Mendengar itu, Tōma Sougo tertawa agak kaku, karena ia tidak puas dengan naskah penelitiannya…
Jadi mengapa ketika melakukan eksperimen sosial, saya paling membenci IQ dan perasaan subjeknya? Terkadang, hal itu selalu mengganggu tahapan eksperimen:
“Fujigami, dengan kata lain, tujuanmu datang ke sini hari ini adalah untuk meminta maaf kepadaku?” Sougo Tama mengangkat bahu.
“Ya, Guru Tuma… Saya tidak tahu apakah saya pantas memanggil Anda Guru, tetapi apa pun hubungannya, saya ingin meminta maaf kepada Tuma. Maaf, saya terlalu pengecut, maaf…”
“Woo~! Kalau begitu, kau terus panggil aku tuan…” Ekspresi emosionalnya muncul tiba-tiba. Terkadang, aku bisa mengamati lebih saksama, dan dia selalu tampak tercerahkan, dengan senyum di wajahnya.

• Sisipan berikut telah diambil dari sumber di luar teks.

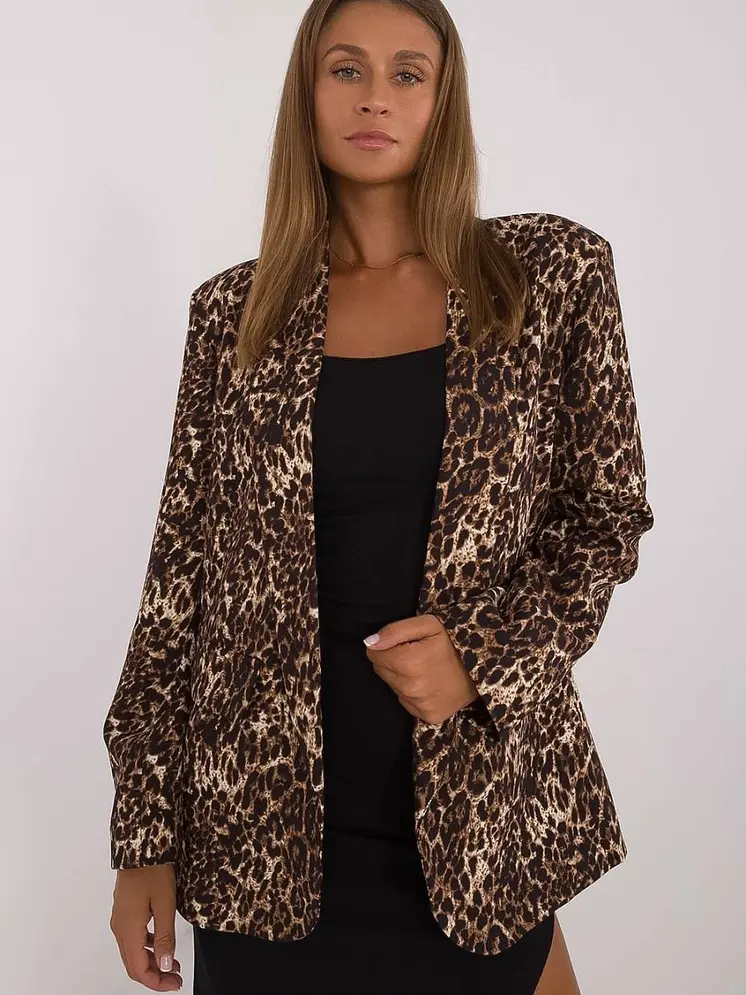 Jacket model 199966 Italy Moda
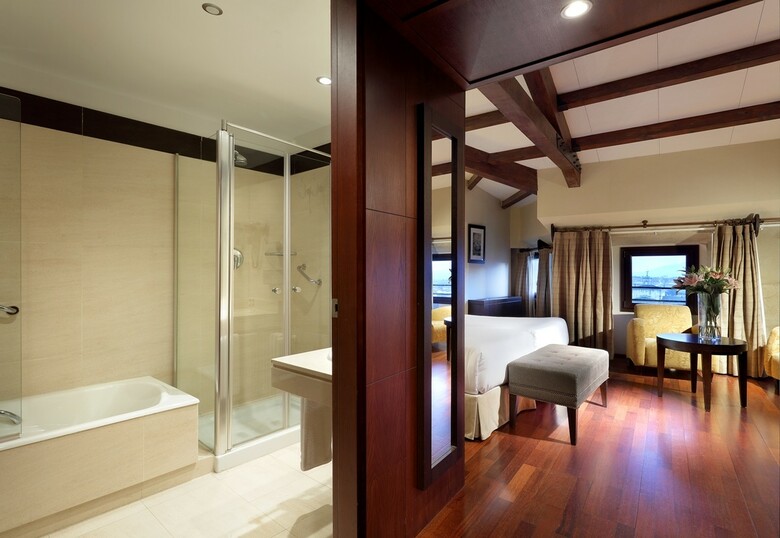 Hotel Eurostars Palacio Santa Marta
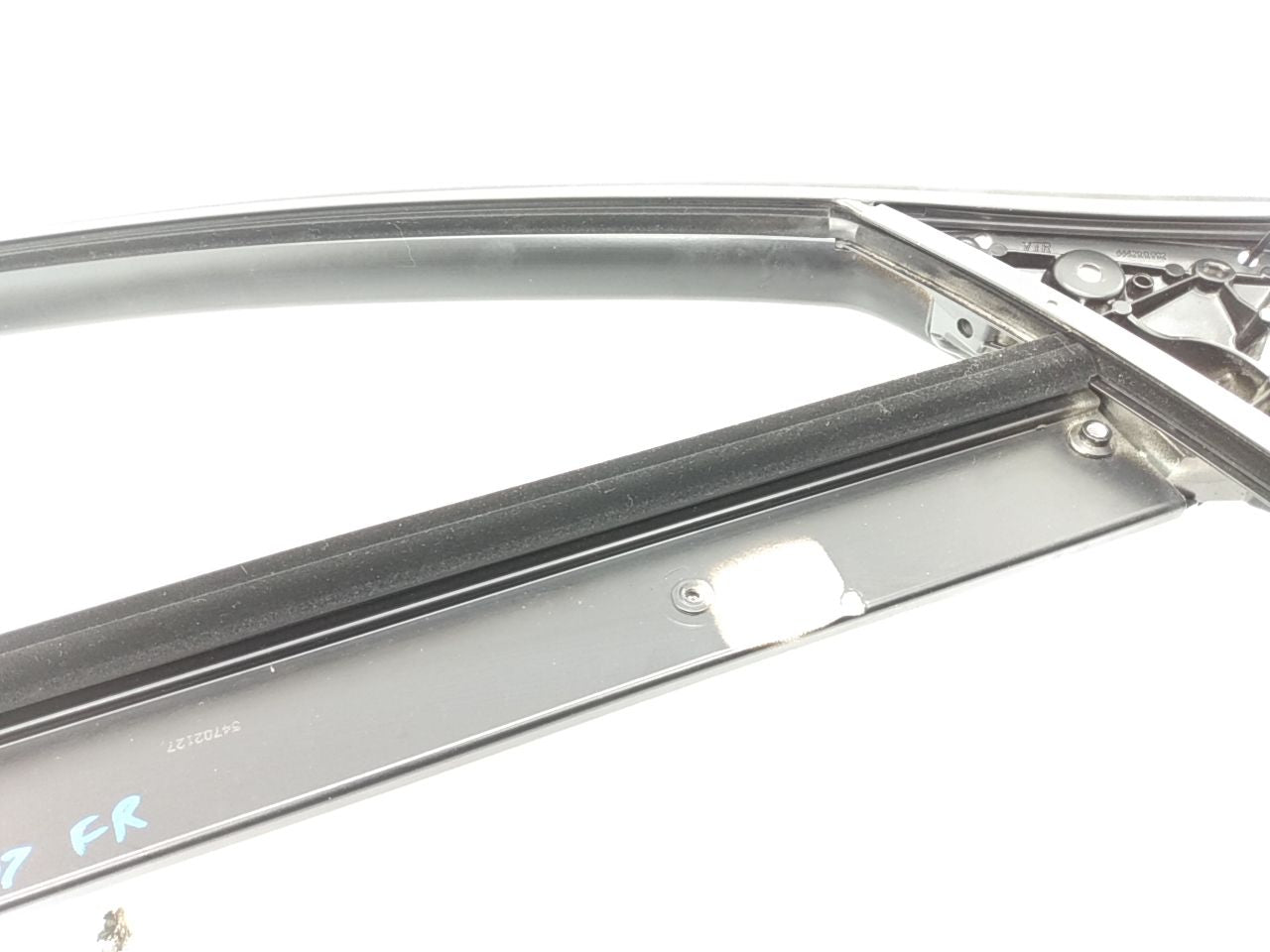 Audi A3 Front Right Door Window Frame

“Lakukan, Tuan Tuma!” Takuya Fujigami menangis.
…
Setelah meminta orang-orang untuk membawa Fujikami Takuya ke samping dan menempatkannya di tempat yang aman, Sougo Tama mengulurkan tangan dan memandang orang-orang itu lalu berkata, “Ngomong-ngomong, bukankah kalian sudah meminta Nona Matsuki untuk datang? Ada yang namanya pengganti ketua klub. Harus ada orang dewasa yang hadir!”
“Presiden Tuma, sebelum Anda datang, Anzai dan Tian Ye sudah mengirim orang untuk mencari…” Memang tidak pernah kekurangan orang yang suka memberi laporan kecil, tetapi ketika sampai pada momen ini, mereka bahkan memberikan laporan kecil. Saya tidak berusaha menyembunyikannya, kata orang di pulau putih itu terus terang.
“Haidao, kau…kau jelas tidak ingin memanggil Guru Songqi tadi!” Tian Ye tidak mudah terpancing emosi, dan dia langsung membalas.
…
Jangan repot-repot ikut campur dalam pidato publik semacam ini, pidato umum, pidato ibu yang bijaksana, pidato ibu mertua, dan dia kembali menekan kedua tangannya ke bawah:
“Tenang, Shirashima, Anzai, dan Tianye, mari kita bicarakan, ada apa?”